### RECORDS TO PROCESS
--- START ---

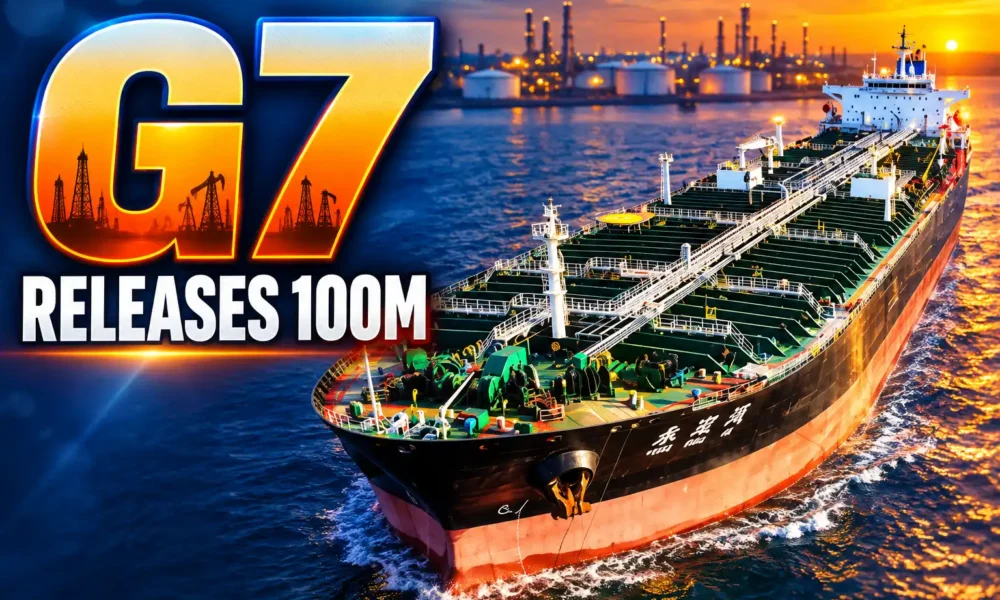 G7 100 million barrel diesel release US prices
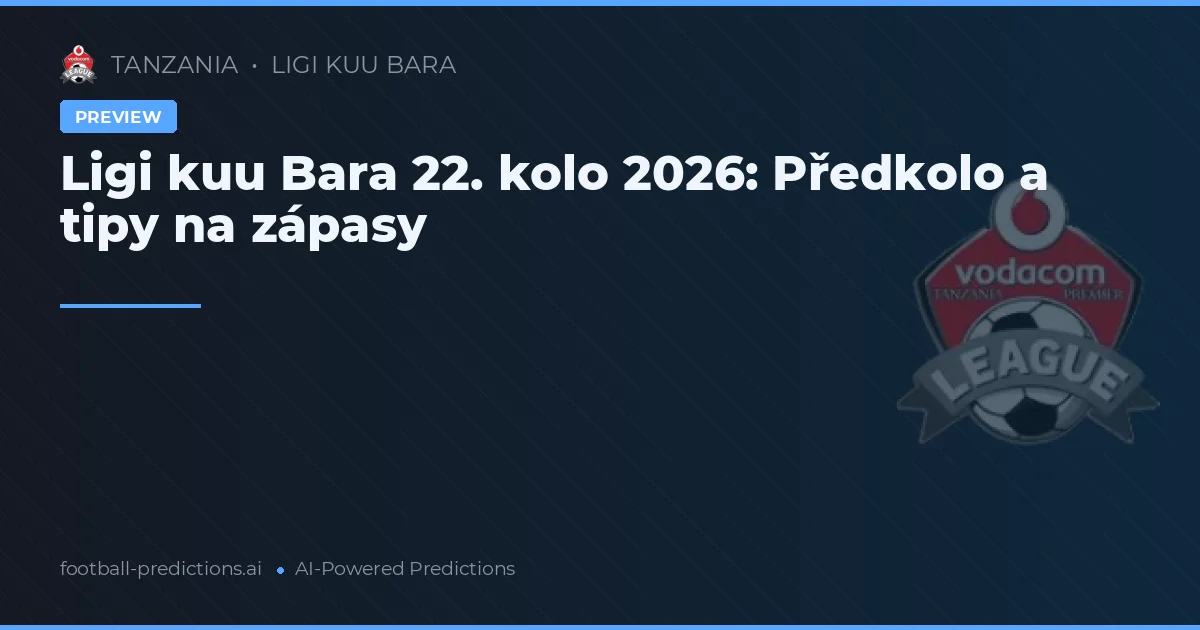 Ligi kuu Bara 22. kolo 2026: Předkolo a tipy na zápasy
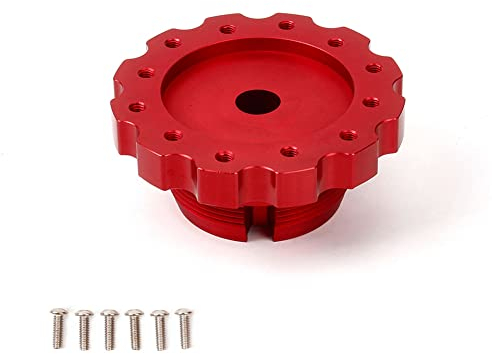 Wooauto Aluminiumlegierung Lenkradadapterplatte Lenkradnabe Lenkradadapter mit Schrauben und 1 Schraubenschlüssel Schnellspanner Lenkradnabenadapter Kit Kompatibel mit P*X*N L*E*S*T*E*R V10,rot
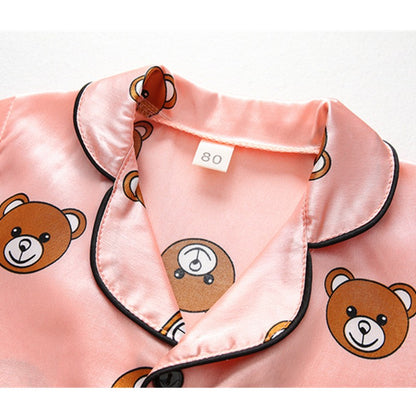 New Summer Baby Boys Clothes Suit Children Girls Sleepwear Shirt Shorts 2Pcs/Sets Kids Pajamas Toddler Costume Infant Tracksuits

--- END ---
--- START ---

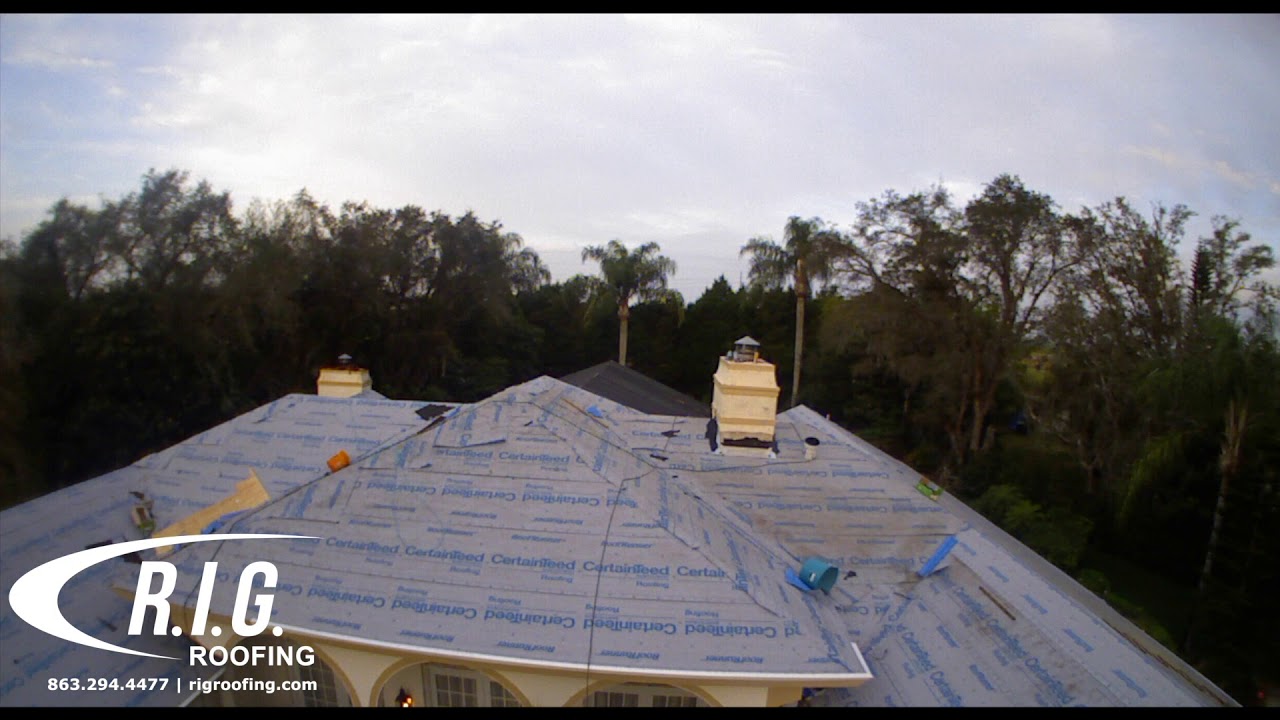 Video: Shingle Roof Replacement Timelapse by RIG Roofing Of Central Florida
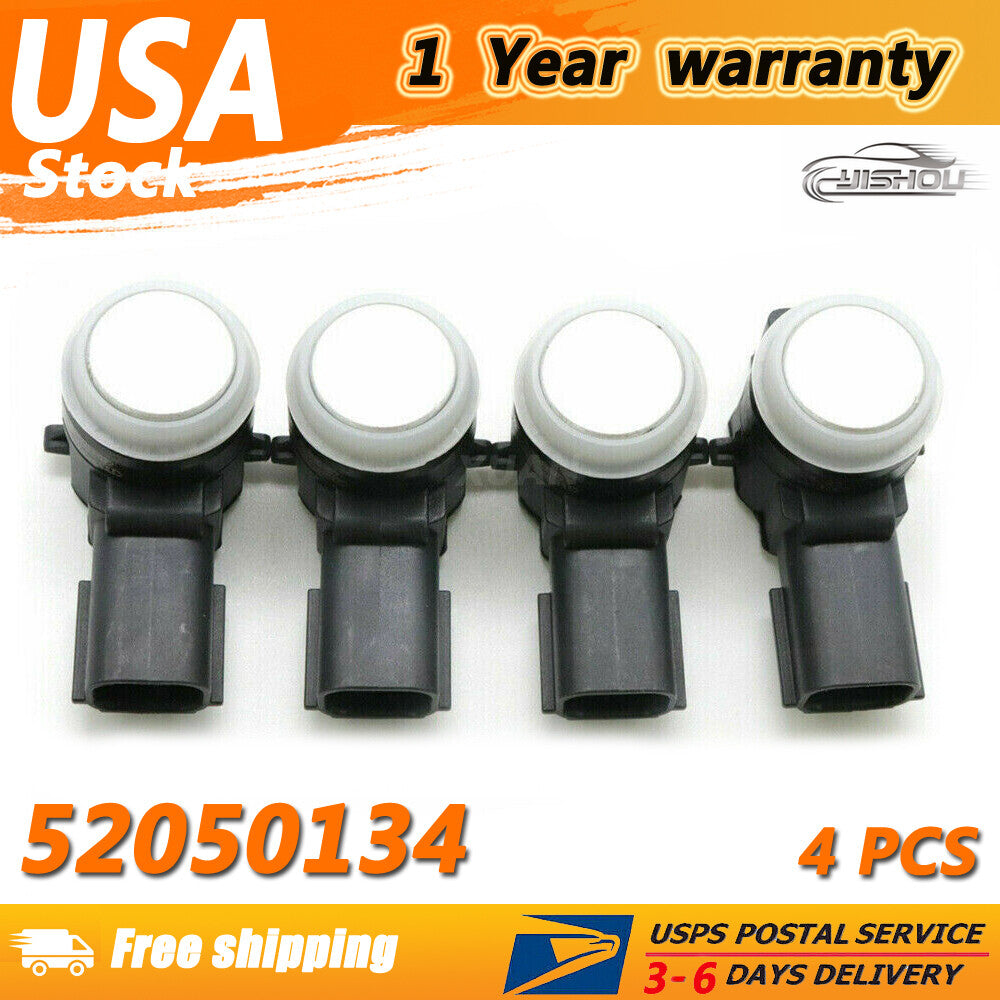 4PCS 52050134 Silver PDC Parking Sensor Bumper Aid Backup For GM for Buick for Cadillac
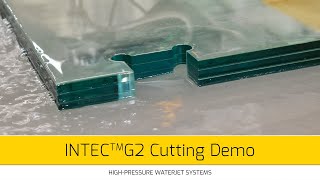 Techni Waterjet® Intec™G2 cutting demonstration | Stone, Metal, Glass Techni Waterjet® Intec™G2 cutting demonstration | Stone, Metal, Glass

--- END ---

Return exactly the part of the listing above that opens with the line containing "G7 100 million" and closes with the line containing "New Summer Baby". Pictures stay out.

 G7 100 million barrel diesel release US prices
 Ligi kuu Bara 22. kolo 2026: Předkolo a tipy na zápasy
 Wooauto Aluminiumlegierung Lenkradadapterplatte Lenkradnabe Lenkradadapter mit Schrauben und 1 Schraubenschlüssel Schnellspanner Lenkradnabenadapter Kit Kompatibel mit P*X*N L*E*S*T*E*R V10,rot
 New Summer Baby Boys Clothes Suit Children Girls Sleepwear Shirt Shorts 2Pcs/Sets Kids Pajamas Toddler Costume Infant Tracksuits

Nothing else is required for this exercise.